Even human psychology, with all its biases and heuristics, its “system one” and “system two”, it’s knee-jerk reactions and all the irrationality it entails, is fascinating.  Though it frequently seems irreducibly silly, we can often discern why it’s silly, as a system that evolved under a particular set of circumstances that didn’t necessarily require it always to be fully rational.

So why, then, I wondered, is human sociology—and its compatriot, human history—so ­un­fascinating? Not to say that the details can’t be interesting, but the “pattern” it plays out, especially at the level of politics, popular entertainment, social mores, celebrity, and nowadays social media and the rest of the internet and web, is such a muddle.  The movement of vast flocks of starlings and of immense schools of fish can seem eerily precise, and we know that such epiphenomena can be produced merely by having each unit follow a few simple rules.  But large-scale human interactions are almost never reducible to anything consistent.  If there are mathematical patterns, they are difficult to discern.

I don’t know about you, but I find much of human interaction at the largish scale to be simply irritating and stupid.  It’s muddy.  It’s just a mess.  There’s no fractal-level chaos here, with hidden, self-similar intricacy.  It’s just the chaos of an untended garbage dump.

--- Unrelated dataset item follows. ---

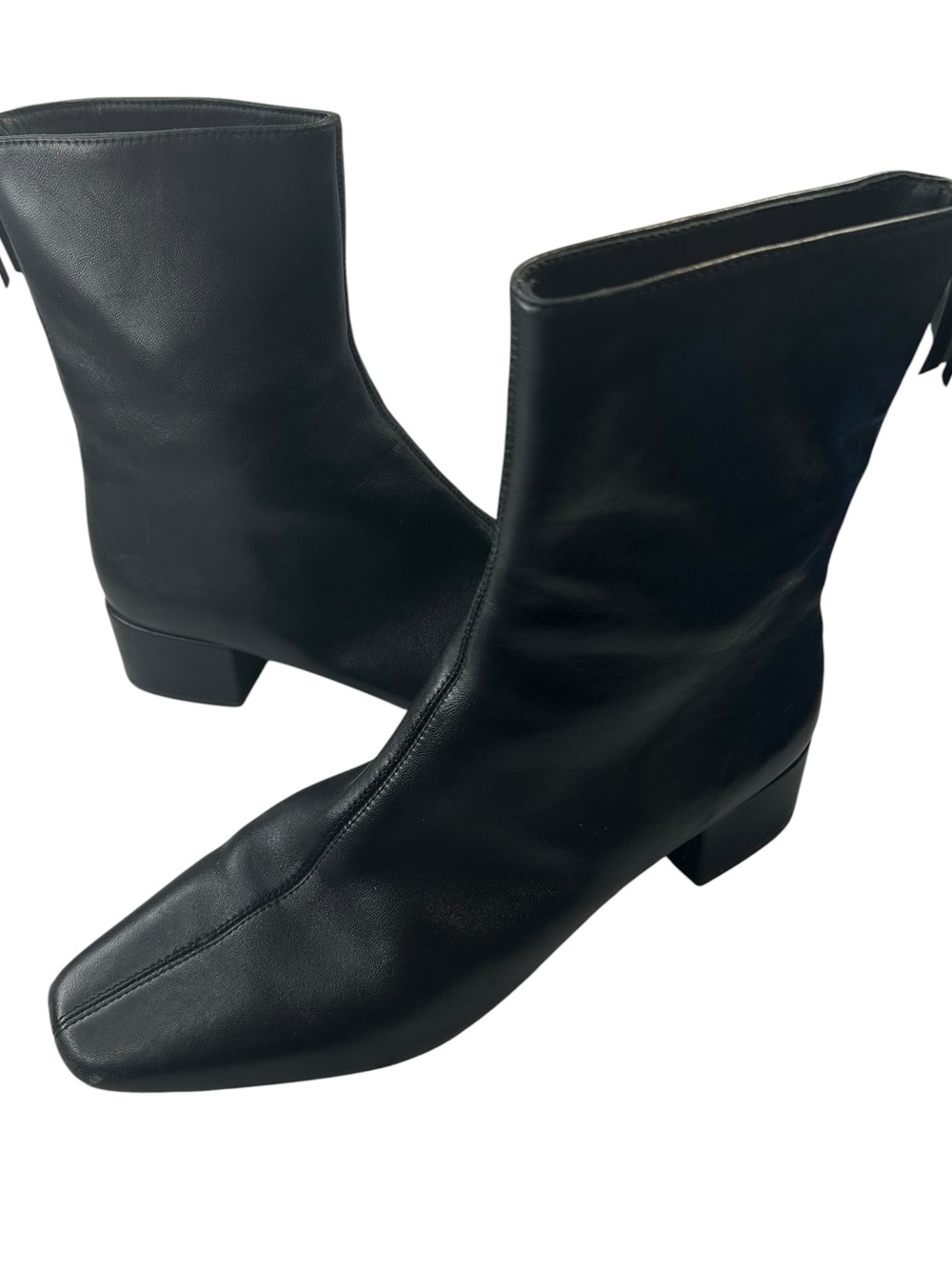 J. Crew Roxie center seam ankle boots leather BA736 Black Size 11 - Picture 2 of 8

Then, suddenly**, it occurred to me:  human society is such a mess at least partly because it’s not in any kind of equilibrium.  It’s an unstable system whose parameters are constantly changing.  The human population is growing, and has been for millennia, at an ever-increasing rate.  New technologies, from the initiation of agriculture, to the invention of money, to the creation of the wheel, and to weapons, on into the modern age of deep science and potent technology, produce an ever-changing background set of assumptions in the system.  New methods of interaction and exchange of information, from spoken language, to written language, to moveable type, to the telegraph, to radio, to television, to the internet, have—especially in recent centuries—changed irrevocably the state of what had come before, producing new and ever-messier epiphenomena.

There has not been anything like the time needed for any kind of sociological and civilizational natural selection to take place.  There’s been no way for long-term evolutionarily stable strategies*** to be selected amongst the phenomena of human interactions at large scales, because before any such selection could happen, something fundamental in the driving parameters of the system changed radically.

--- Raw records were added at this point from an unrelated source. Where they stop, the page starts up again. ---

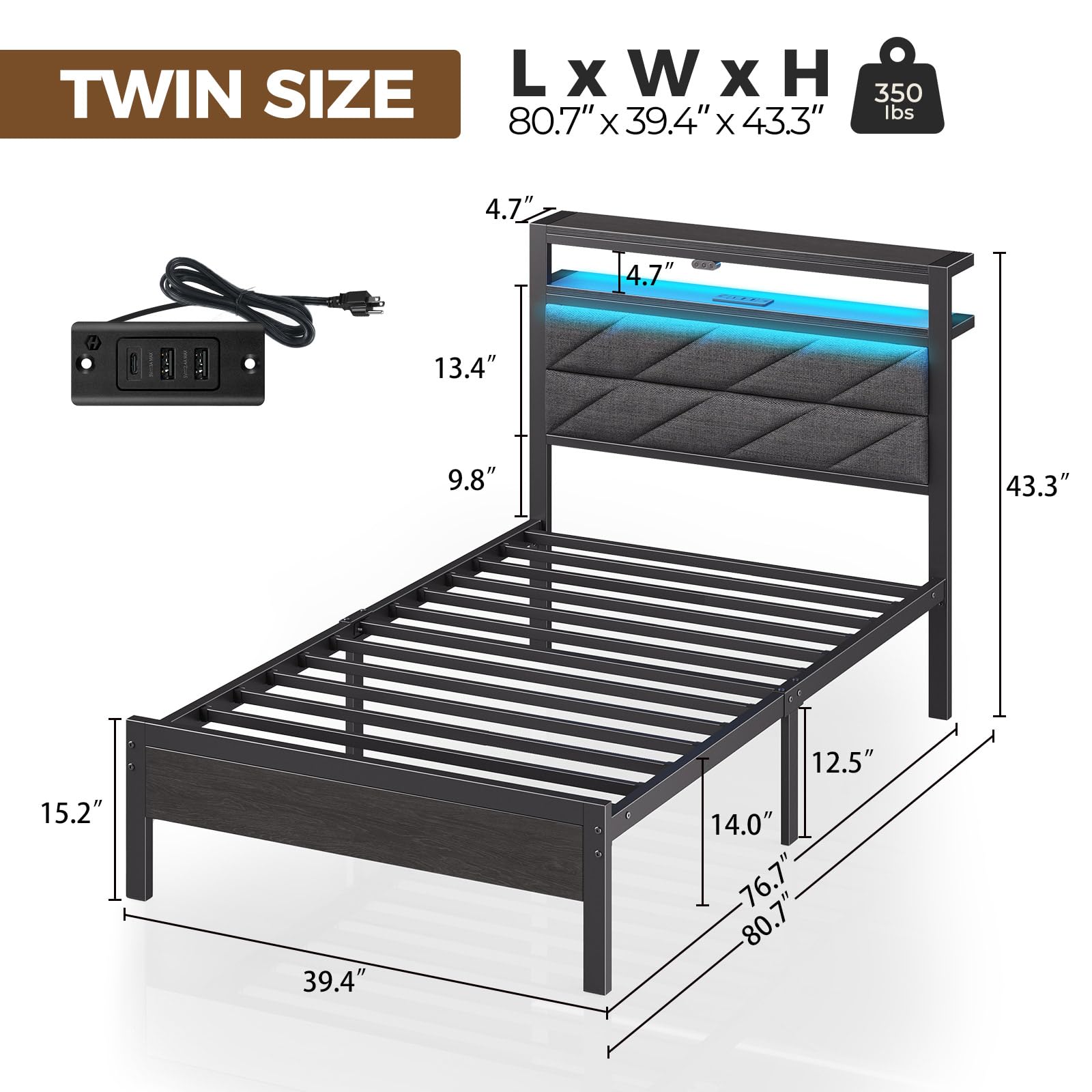 Twin Size Upholstered Platform Bed Frame with LED Headboard & USB Charging Station - Under Bed Storage, No Box Spring Needed, Noise-Free, Easy Assembly, Grey - Perfect for Small Bedrooms, Dorms & Guest Rooms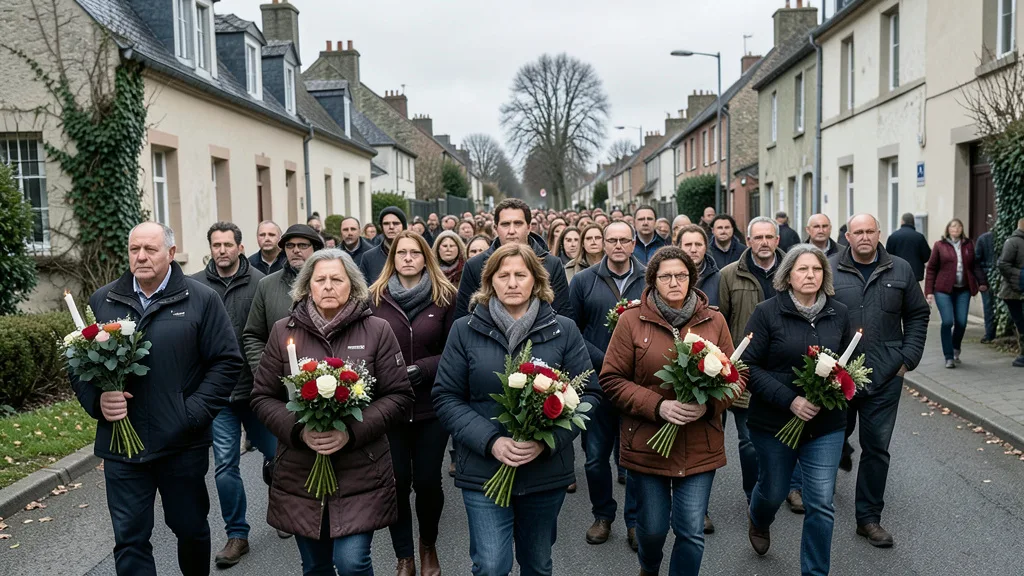 Imagem gerada por IA: Manifestantes participam de uma marcha silenciosa em homenagem à vítima, com flores e velas.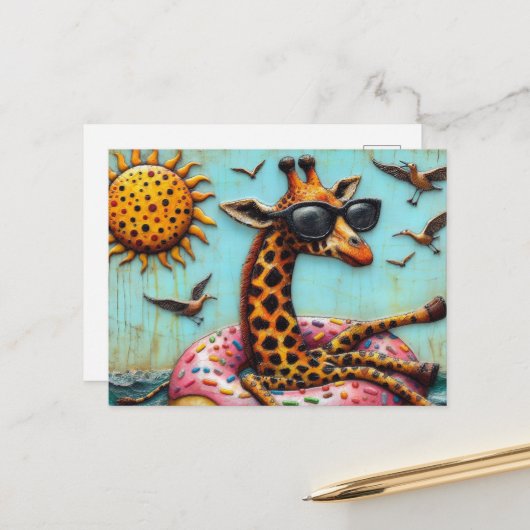 Niedliche Giraffe auf der Vogelfliege im Donut-Sch Postkarte (Vorderseite/Rückseite Beispiel)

So I guess maybe we shouldn’t feel too bad about the fact that politics is such an insane mess, that fashion and celebrity and entertainment are bastions of such goofiness, that we have trouble working out the best economic system (if there is such a thing, and if we are even able to define “best by what measure, best for what purpose?”), that social media is such a nightmare of infantile behavior, and that history is such a catalog of tragedy and horror.

The weather may be a chaotic system that’s all but impossible to predict in specifics beyond a few days, but the physics of it is at least consistent****.  The “physics” of human interaction is being subjected to ever-changing constants of nature (if you’ll allow the metaphor).  They may not change by that much at any given time, but we know that even tiny changes in the true “constants of nature” would lead to radically different universes, in most of which we would not be able to exist even for a microsecond.  We should probably be in awe of the fact that civilization survives at all.

This doesn’t mean we should stop trying to solve all the many and varied problems of human civilization.  We must solve them.  But perhaps we (meaning I) should be more forgiving of just how stupid and inefficient and counterproductive and puerile and horrible so many of our institutions seem so often to be.  We’re still in the primordial soup here, and the primordial soup is cloudy.  We must work on it; we must strive to make it ever clearer.  If we don’t, natural selection will do what it seems to do best, which is to wipe out things that don’t have an evolutionarily stable strategy.  But we (meaning I) can at least perhaps try not to be so judgmental about the idiocy of our institutions.  You don’t judge the mind of a trilobite by the standards of the nervous system of a naked house ape.

But you still must address your problems and try to reach some semblance of an evolutionarily stable strategy (or set thereof) for society and civilization.  The trilobites are extinct and have been for a very long time, and the same thing could easily happen to human civilization, and to human individuals.  Nature would not care, would not give us any second chances, would not bend its rules in the slightest for us.  As far as we can tell, it never has, and it never will.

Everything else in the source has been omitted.